The management computer 40 is a diagnostic device for detailed analysis installed in a remote place far away from the mold transformer 1, and performs various functions by executing a computer program stored in the storage unit 43 mounted inside. Realize virtually.

The network 50 is based on a communication line such as the Internet or a LAN (Local Area Network), and is based on either a wireless communication line or a wired communication line or a line in which a wireless communication line and a wired communication line coexist. The network 50 is connected so that various information can be communicated between the mobile terminal 30 and the management computer 40.

The mobile terminal 30 has functions as a communication unit 31, a storage unit 32, a display unit 33, an operation unit 34, a sound collection unit 35, an image pickup unit 36, and a processing unit 37. The communication unit 31 can communicate with the communication unit 41 of the management computer 40 through the network 50. The application program is stored in the storage unit 32. The operation unit 34 is a touch panel or keyboard that accepts operations, and outputs a signal corresponding to the operation to the processing unit 37. The display unit 33 is a display device such as a liquid crystal display, and displays an image generated by the processing unit 37.

The image pickup unit 36 is a camera device installed on the front surface or the back surface of the mobile terminal 30, and enables the front or rear image to be captured.
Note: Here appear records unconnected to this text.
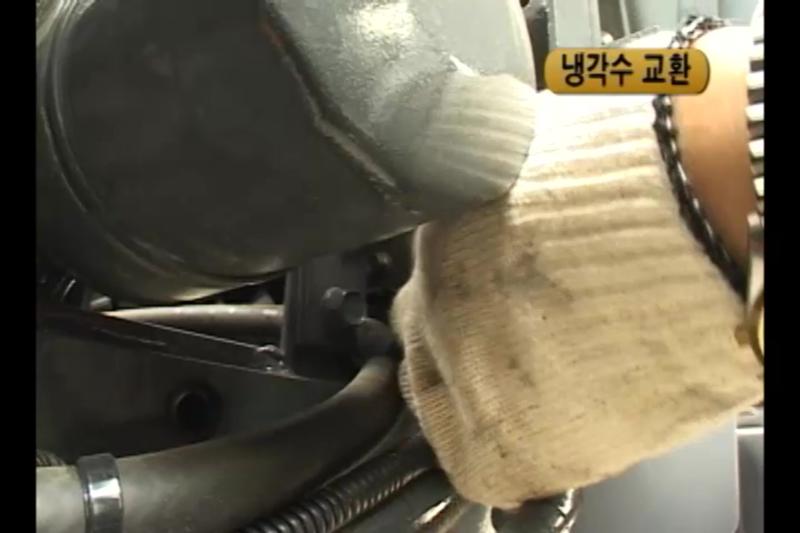 냉각수 교환_에어크리너의 점검 및 정비 썸네일 이미지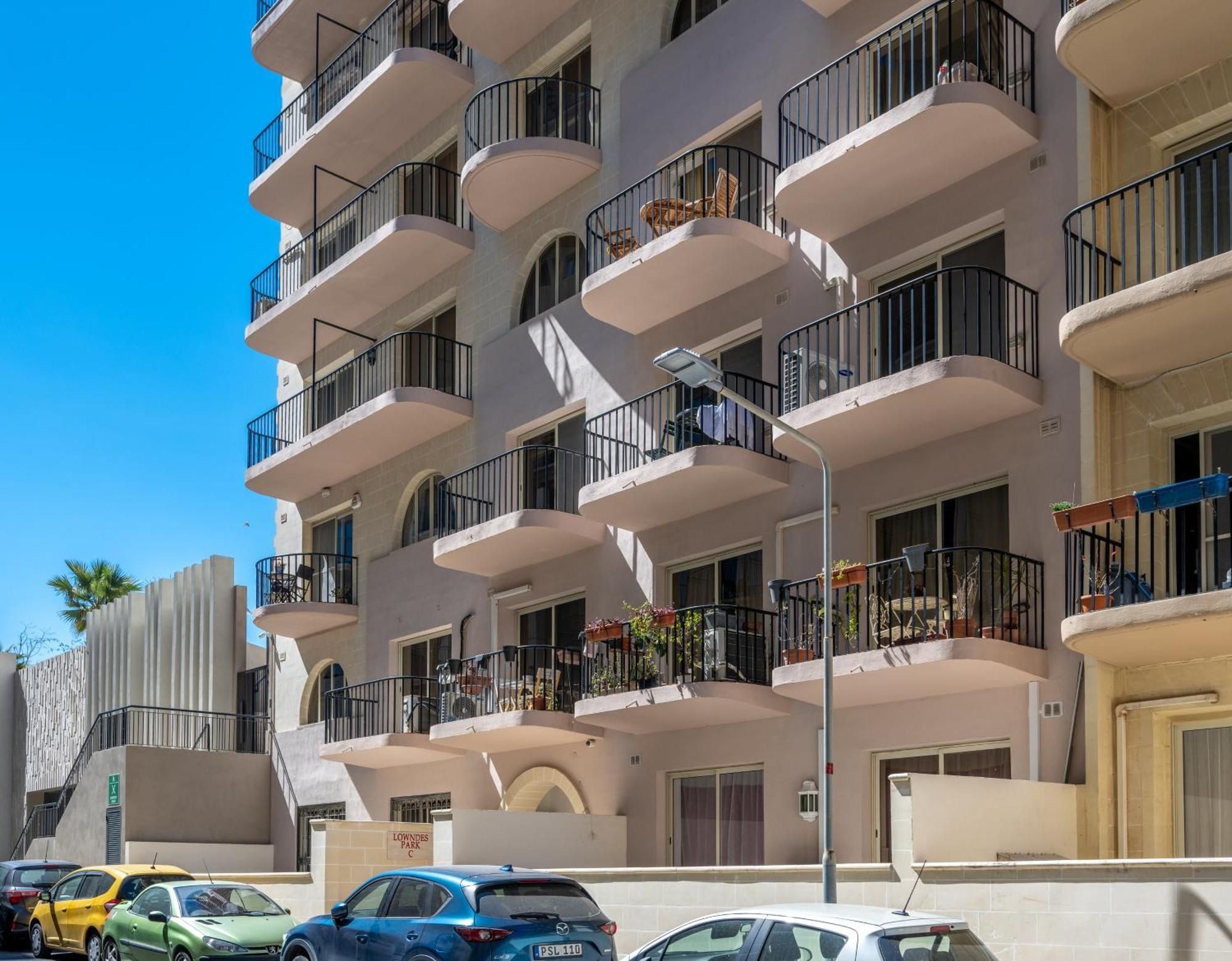 Spacious 3 Bedroom Apartment In The Heart Of St Julians San Ġiljan Kültér fotó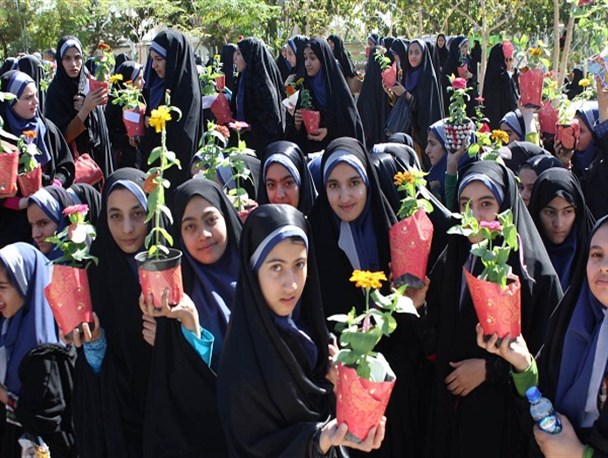 دختران نوجوان اصفهانی راهی قم و جمکران می شوند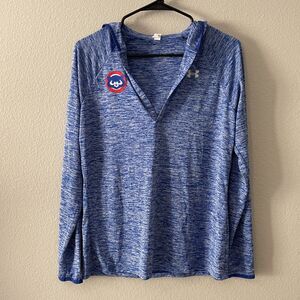 Chicago Cubs Under Armour Womens M Loose Fit Heat Gear V-Neck Long‎ Sleeve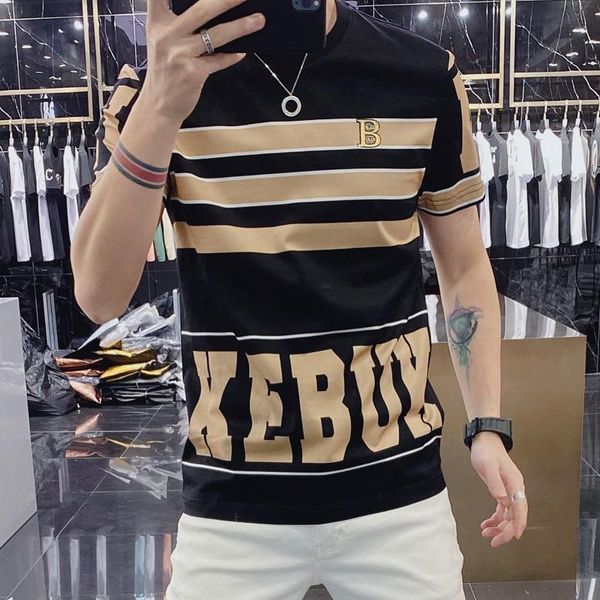 men's t-shirts nova moda verão manga curta masculina bonito coringa magro listra impresso mercerizado algodão camiseta 05t9, White;black
men's t-shirts nova moda verão manga curta masculina bonito coringa magro listra impresso mercerizado algodão camiseta 05t9, White;black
The sound collecting unit 35 collects peripheral sounds according to the control signal output from the processing unit 26. The processing unit 37 stores the image captured by the image pickup unit 36 and the sound collected by the sound collection unit 35 in the storage unit 32 as a file. The processing unit 37 has a function as an analysis unit 38. The analysis unit 38 performs frequency analysis by FFT, that is, a fast Fourier transform, and frequency-analyzes the sound of the file stored in the storage unit 32.
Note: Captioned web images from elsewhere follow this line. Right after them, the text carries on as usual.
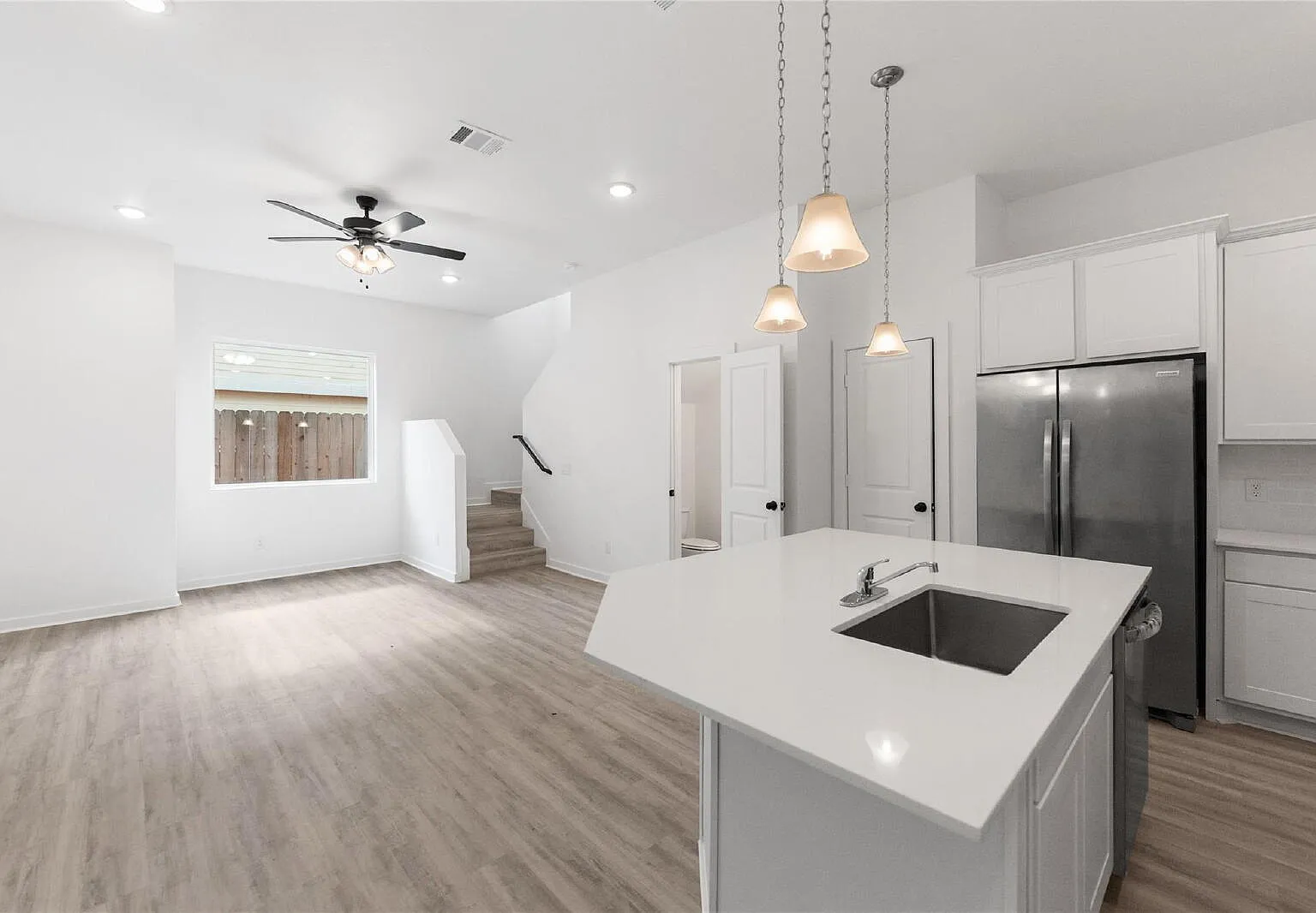 3 bed, 2.5 bath, 1390 sqft, $1,950 — Photo 2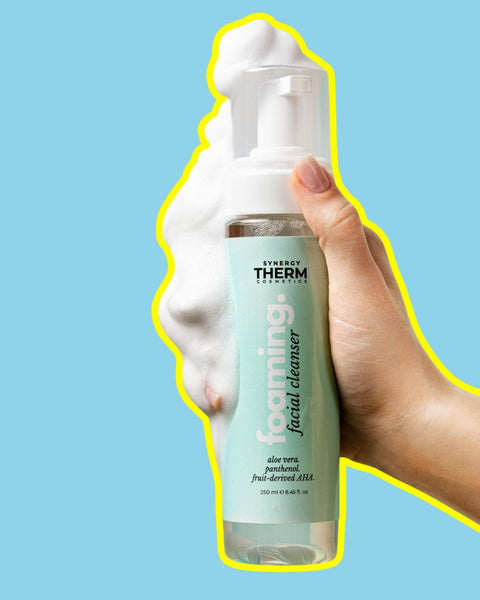 Foaming Facial Cleanser with Fruit-derived Acids, Aloe Vera and Panthenol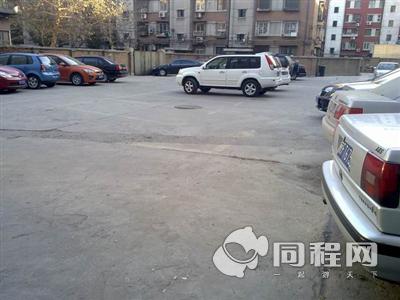 北京如家快捷酒店（朝阳公园店）图片停车场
On the other hand, the management computer 40 is composed of a so-called ordinary computer, and has functions as a communication unit 41, a display unit 42, a storage unit 43, and a processing unit 44. The application program is stored in the storage unit 43. The processing unit 44 virtually realizes the functions of the comparison unit 45 and the diagnosis unit 46 by software. The comparison unit 45 makes it possible to diagnose the cause of noise by comparing frequency analysis data of a plurality of noises. For example, the display unit 42 can visually recognize the cause of noise by displaying the comparison result of the comparison unit 45. To. The diagnosis unit 46 diagnoses the cause of noise based on the comparison result of the comparison unit 45.

An example of the flow when the noise of the mold transformer 1 is measured on site and the remote diagnosis is performed at a remote location will be described with reference to FIGS. 4 and 5.
At the site where the mold transformer 1 is installed, an operator inspects the mold transformer 1 using the mobile terminal 30. The operator uses the mobile terminal 30 to collect a part of the mold transformer 1 and its peripheral portion as an image pickup target of the image pickup unit 36, and collects noise generated in the mold transformer 1 and its surroundings from the sound collecting unit 35. Therefore, the abnormal noise generation investigation is executed (S101). At this time, the operator possesses the mobile terminal 30 and collects sound from the sound collecting unit 35 while moving around the mold transformer 1. The mobile terminal 30 acquires the sound around the mold transformer 1 from various positions around the mold transformer 1. The processing unit 37 stores the acquired noise data file in the storage unit 32.

On the other hand, technicians are waiting in remote areas. The technician uses the management computer 40 to communicate with the mobile terminal 30 to instruct the operator at the noise measurement point around the mold transformer 1. Further, the technician instructs the management computer 40 to reduce the load of the mold transformer 1 to a light load, and gives an instruction to measure noise (S102, S103). At this time, at the site, the worker sets the load of the mold transformer 1 to a relatively light light load, operates the mobile terminal 30, and measures the noise (S104). The mobile terminal 30 stores an image file including noise data in the storage unit 32.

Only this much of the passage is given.